For standardization purposes, a default MIC value of 1 mg/L was assumed for both vancomycin and amikacin. Derived PK/PD indices (AUC/MIC and Cmax/MIC) were calculated for comparative and descriptive purposes only and were not used to define target attainment or clinical efficacy. We hereby stress that these, AUC/MIC ratios in this study should be interpreted as relative exposure metrics rather than absolute indicators of clinical target attainment. For amikacin, although EUCAST defines a clinical susceptibility breakpoint of 4–8 mg/L, a nominal MIC value of 1 mg/L was assumed for simulation purposes to maintain consistency with prior pharmacokinetic modeling studies and to enable standardized comparison across antibiotics (Le et al., 2014; Sherwin et al., 2014). This assumption does not represent a clinical breakpoint. All exposure metrics, including AUC and Cmax, were model-derived estimates generated by the MIPD platform based on population pharmacokinetic models and Bayesian updating, rather than directly measured concentrations.

To address whether incorporating TDM data improves predictive performance, we generated a priori predictions (covariate- and dosing-based, without assimilating any measured concentrations) and a posteriori prediction (after assimilating the first measured concentration) in InsightRX for each patient. Predictive accuracy was evaluated by comparing observed levels against a priori and a posteriori prediction at the first and (when available) second sampling time points.

All MIPD simulations were conducted by a clinical pharmacist trained in pharmacometrics and therapeutic drug monitoring, and the use of the specific software program. Dosing recommendations generated by InsightRX were communicated to the attending pediatric intensivists during routine clinical rounds. Physicians retained full authority over the final prescribing decisions, and MIPD-derived suggestions were implemented only after verification of clinical appropriateness, safety limits, and consistency with institutional protocols. Therefore, while the software recommendations informed dose optimization, their adoption was not mandatory but subject to clinician approval.

To ensure patient safety, all software-generated dose recommendations were reviewed before implementation. Specifically, maximum pediatric dosing limits were verified using the Lexicomp drug information database, and final dosing suggestions were adjusted accordingly. This practice was consistently applied in patients who required multiple TDM assessments.

In addition to dose optimization, InsightRX provides a model-fit evaluation for each TDM measurement. This feature assesses the agreement between observed and model-predicted drug concentrations and classifies the fit as poor, intermediate, or good. These classifications are based on the difference in fitted and observed concentrations and offer valuable feedback on the predictive performance of the model for each individual patient and help guide confidence in ongoing model-based dosing decisions. To facilitate better understanding of the software’s interface and functionality, a sample output from the InsightRX platform for a patient receiving vancomycin therapy is presented in Figure 2.

Figure 2
The image shows a drug monitoring report for Vancomycin, focusing on pediatrics. It includes a reference table, drug dose details, clinical information, and patient data. The drug monitoring section lists several doses with corresponding details like start time, interval length, and markers. The clinical info section displays patient data such as serum creatinine, GFR, and other health indicators. The dose information panel provides target guidance and a reference table for dose adjustments.

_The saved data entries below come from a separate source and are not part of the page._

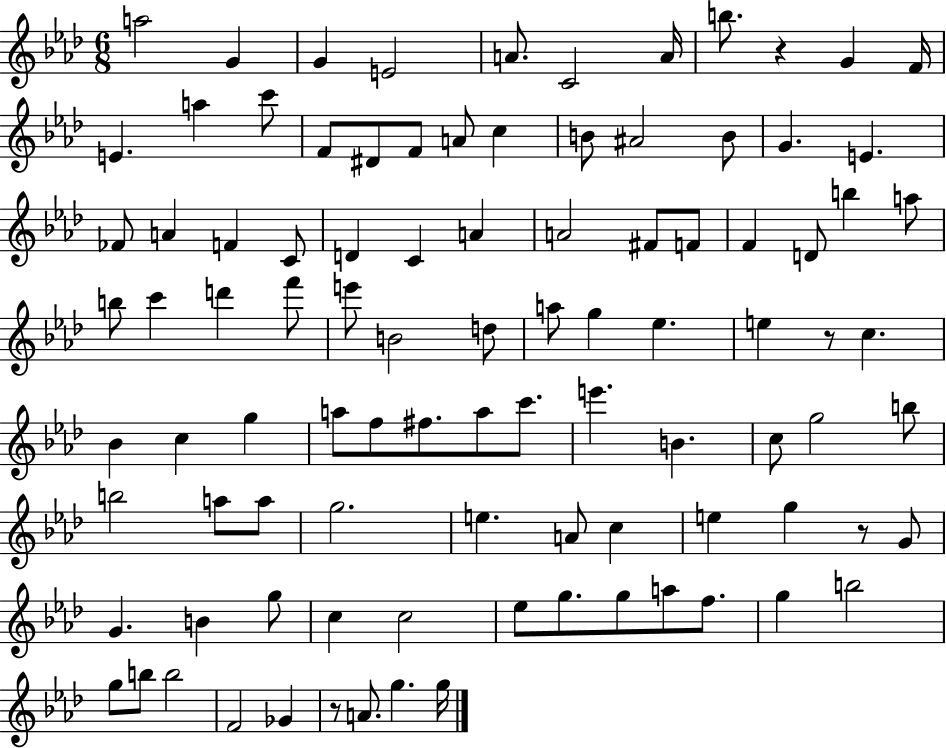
{
  \clef treble
  \numericTimeSignature
  \time 6/8
  \key aes \major
  \repeat volta 2 { a''2 g'4 | g'4 e'2 | a'8. c'2 a'16 | b''8. r4 g'4 f'16 | \break e'4. a''4 c'''8 | f'8 dis'8 f'8 a'8 c''4 | b'8 ais'2 b'8 | g'4. e'4. | \break fes'8 a'4 f'4 c'8 | d'4 c'4 a'4 | a'2 fis'8 f'8 | f'4 d'8 b''4 a''8 | \break b''8 c'''4 d'''4 f'''8 | e'''8 b'2 d''8 | a''8 g''4 ees''4. | e''4 r8 c''4. | \break bes'4 c''4 g''4 | a''8 f''8 fis''8. a''8 c'''8. | e'''4. b'4. | c''8 g''2 b''8 | \break b''2 a''8 a''8 | g''2. | e''4. a'8 c''4 | e''4 g''4 r8 g'8 | \break g'4. b'4 g''8 | c''4 c''2 | ees''8 g''8. g''8 a''8 f''8. | g''4 b''2 | \break g''8 b''8 b''2 | f'2 ges'4 | r8 a'8. g''4. g''16 | } \bar "|."
}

Figure 2. Illustrative example of vancomycin dose optimization and model fit evaluation using InsightRX.

Standard of care dosing and therapeutic drug monitoring

For patients allocated to the SoC arm, InsightRX Nova® simulations were performed offline solely for research evaluation and did not influence or guide real-time dosing decisions. Clinical management in this group followed the hospital’s established therapeutic drug monitoring protocol, which relied exclusively on trough-based monitoring for both antibiotics. For vancomycin, the target trough concentration was 10–15 mg/L. For amikacin, dosing was guided by achieving trough concentrations below 5 μg/mL, in conjunction with clinical response, without the use of AUC-based calculations.

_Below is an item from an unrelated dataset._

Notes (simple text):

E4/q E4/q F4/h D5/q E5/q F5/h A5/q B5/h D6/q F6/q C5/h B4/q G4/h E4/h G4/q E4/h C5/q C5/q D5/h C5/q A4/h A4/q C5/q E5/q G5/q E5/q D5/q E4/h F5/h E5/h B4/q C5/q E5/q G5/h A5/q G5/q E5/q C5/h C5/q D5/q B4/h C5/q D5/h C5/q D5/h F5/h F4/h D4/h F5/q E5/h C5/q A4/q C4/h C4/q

Therapeutic drug monitoring was performed according to routine institutional practice. Blood samples were typically collected at steady state—after the third or fourth dose for vancomycin and after the second or third dose for amikacin. Measured concentrations were interpreted by the attending physician in consultation with the clinical pharmacist. Dose adjustments were guided by trough concentration results and published nomograms rather than formal pharmacokinetic modeling. If trough levels were below the predefined targets, the total daily dose was proportionally increased, whereas supratherapeutic values prompted dose reduction or extension of the dosing interval. In all cases, final dosing decisions were made by the treating physician.

Outcomes

Primary methodological outcomes were: (i) within-patient change in predictive accuracy from a priori to a posteriori prediction, and (ii) change in the model-fit category between the first and second levels. Secondary exploratory outcomes were assessed exploratorily and included treatment duration, adverse effects, mortality, and longitudinal changes in CRP, procalcitonin, and serum creatinine.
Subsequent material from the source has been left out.